Ford’s next RS model could be a Fiesta rather than a Focus, Autocar has learned.

Previously, it had been assumed that the second-generation Focus RS, which put 300bhp through its front wheels thanks to its novel RevoKnuckle suspension, would automatically be replaced by a new Focus RS by Ford’s Special Vehicles Team (SVT).

However, while Ford has all but decided there will be a new RS model, since former SVT head Jost Capito defected to Volkswagen (where he is heading development of the Polo R) the firm is less certain about which direction the new car will take.

There’s a strong argument that, because the Fiesta is now a global car and is Ford’s motorsport flag-bearer (where, in its world rallying guise it’s even called Fiesta RS WRC), it’s the natural performance flagship and would suit the character of an RS. However, the sales success of the last Focus RS will be hard to overlook.

Ford SVT engineers are already working on the Fiesta ST, which they regard as a “very positive” project that will be easier and quicker to complete than the Focus ST, because its suspension will be an updated, upgraded version of the previous Fiesta’s.

Extending that project to encompass an RS model would not prove technically difficult.
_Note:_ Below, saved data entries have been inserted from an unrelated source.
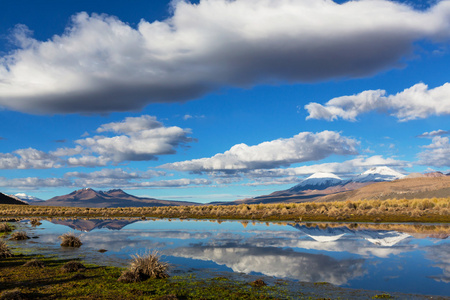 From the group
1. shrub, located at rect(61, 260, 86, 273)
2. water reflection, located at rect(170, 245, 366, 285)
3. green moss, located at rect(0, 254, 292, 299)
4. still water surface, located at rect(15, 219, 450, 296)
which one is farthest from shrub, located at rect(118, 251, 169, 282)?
water reflection, located at rect(170, 245, 366, 285)

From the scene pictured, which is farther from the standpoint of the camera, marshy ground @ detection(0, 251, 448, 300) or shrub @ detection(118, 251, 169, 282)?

Additionally, some Ford executives are resistant to the idea of a five-door RS model, and with no three-door Focus, that points to the Fiesta as the only suitable alternative.

However, the Focus’s case is strong too. An Ecoboost engine can provide the requisite horsepower (330bhp would be expected), to be directed either through the front wheels like the previous-generation car, or through a 4WD drivetrain; Ford has a suitable one ready. SVT’s engineers have told us they could put together a 4WD demonstration mule in fairly short order once a decision is made.
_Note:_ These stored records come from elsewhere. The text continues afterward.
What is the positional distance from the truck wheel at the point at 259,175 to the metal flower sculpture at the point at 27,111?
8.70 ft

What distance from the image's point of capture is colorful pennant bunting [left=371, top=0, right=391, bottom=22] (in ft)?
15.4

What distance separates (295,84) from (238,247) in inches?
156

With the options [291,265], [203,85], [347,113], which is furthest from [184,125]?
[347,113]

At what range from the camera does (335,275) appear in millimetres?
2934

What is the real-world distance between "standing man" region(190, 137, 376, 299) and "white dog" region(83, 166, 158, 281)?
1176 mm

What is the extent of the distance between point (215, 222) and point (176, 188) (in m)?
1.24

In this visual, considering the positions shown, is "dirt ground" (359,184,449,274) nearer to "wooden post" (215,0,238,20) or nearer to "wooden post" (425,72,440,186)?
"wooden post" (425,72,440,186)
Ultimately, market demands are likely to prove decisive, and that’s where the Focus, being larger, might hold an advantage, particularly in markets like the US. And, because it’s bigger and would be more powerful than a Fiesta RS, it could command a higher price tag with greater built-in profitability.
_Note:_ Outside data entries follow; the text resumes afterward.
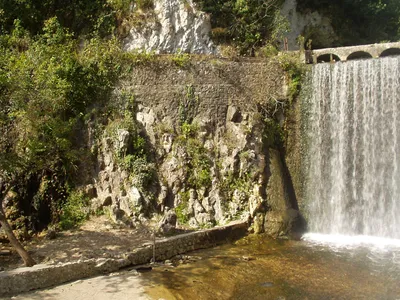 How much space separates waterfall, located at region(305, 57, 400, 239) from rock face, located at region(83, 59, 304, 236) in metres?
1.21

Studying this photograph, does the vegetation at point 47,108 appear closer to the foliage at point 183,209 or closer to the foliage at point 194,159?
the foliage at point 194,159

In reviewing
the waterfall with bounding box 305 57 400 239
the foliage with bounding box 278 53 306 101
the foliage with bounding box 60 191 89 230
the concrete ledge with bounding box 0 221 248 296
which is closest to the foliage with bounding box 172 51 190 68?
the foliage with bounding box 278 53 306 101

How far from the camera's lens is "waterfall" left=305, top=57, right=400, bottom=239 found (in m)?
13.0

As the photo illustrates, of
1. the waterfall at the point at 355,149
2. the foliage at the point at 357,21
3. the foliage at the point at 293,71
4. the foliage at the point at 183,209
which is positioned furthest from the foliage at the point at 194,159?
the foliage at the point at 357,21

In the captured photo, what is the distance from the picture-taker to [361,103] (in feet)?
45.0

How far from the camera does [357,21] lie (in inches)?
861

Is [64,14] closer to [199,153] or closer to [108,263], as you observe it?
[199,153]

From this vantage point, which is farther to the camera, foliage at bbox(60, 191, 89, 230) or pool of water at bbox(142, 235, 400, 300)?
foliage at bbox(60, 191, 89, 230)

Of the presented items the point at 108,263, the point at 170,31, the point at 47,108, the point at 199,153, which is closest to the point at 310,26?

Ford’s experience with cars like the Racing Puma might not help the Fiesta’s case, either. Although widely regarded as a fabulous driver’s car, the Racing Puma was very expensive to make; a Fiesta, like the most recent Focus RS, would be more closely aligned to a production model. But more worryingly, sales struggled to match its production targets. Ford will be keen to avoid making a car that is beloved of purists if it fails to sell strongly with it.